[WHAT THE EXERCISE ASKS]:
Pictures do not belong in your copy. Repeat all the other data exactly.

[INFORMATION SHOWN]:
------------------------------------------------------------------------

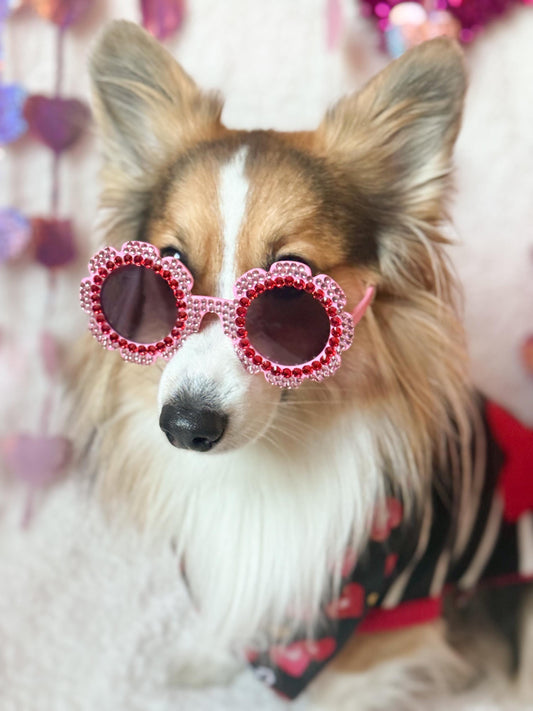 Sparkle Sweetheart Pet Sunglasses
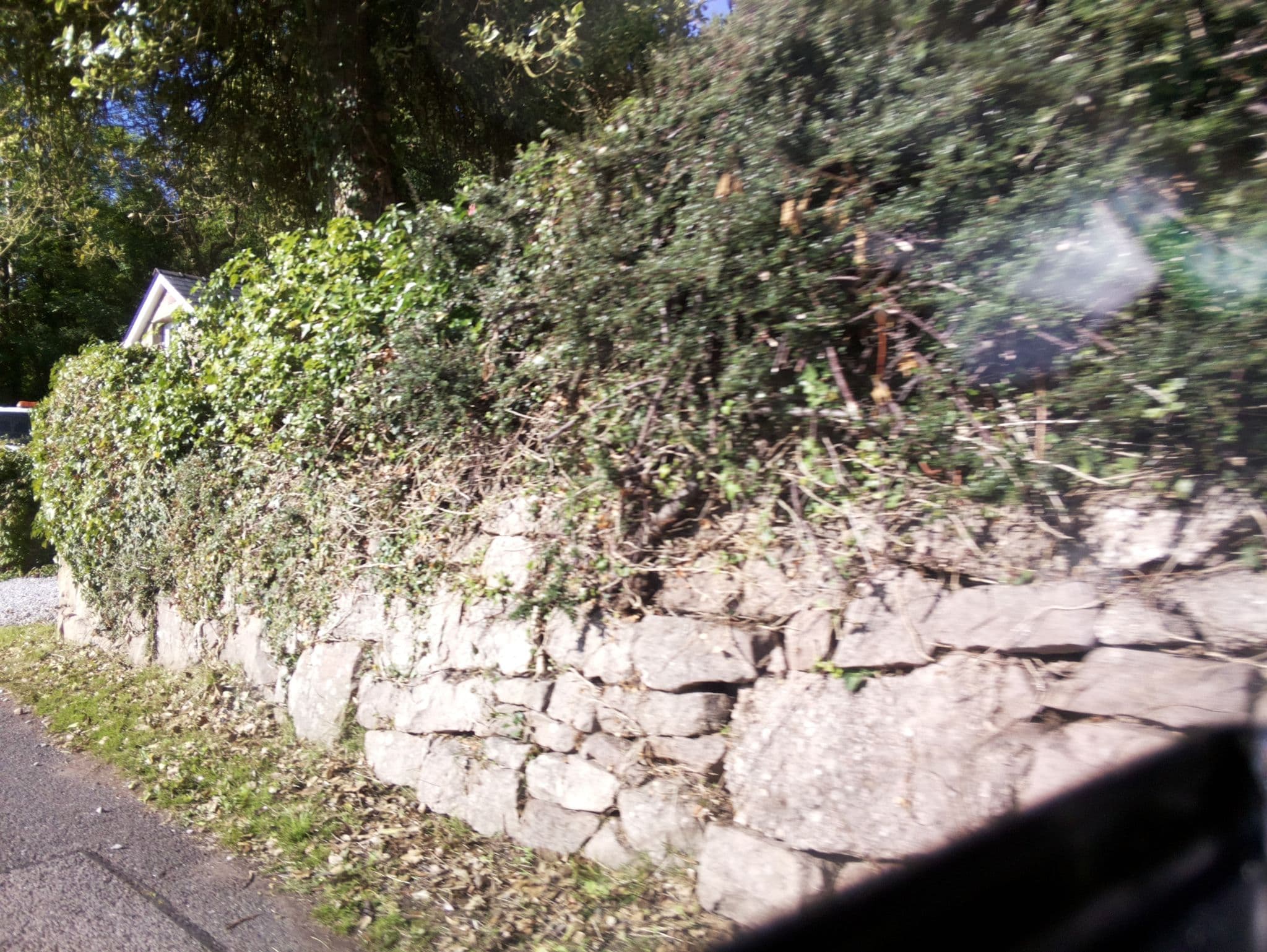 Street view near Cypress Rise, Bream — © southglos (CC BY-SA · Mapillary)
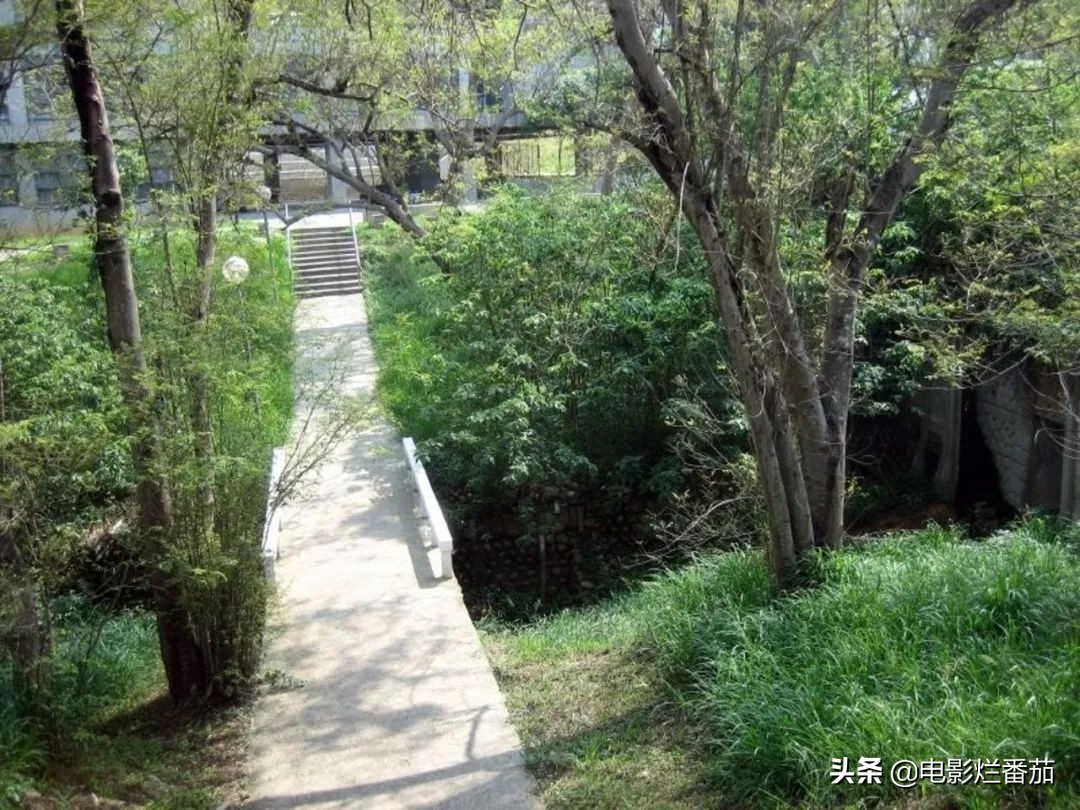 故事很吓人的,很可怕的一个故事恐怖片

------------------------------------------------------------------------

[COMPLETED TASK]:
 Sparkle Sweetheart Pet Sunglasses
 Street view near Cypress Rise, Bream — © southglos (CC BY-SA · Mapillary)
 故事很吓人的,很可怕的一个故事恐怖片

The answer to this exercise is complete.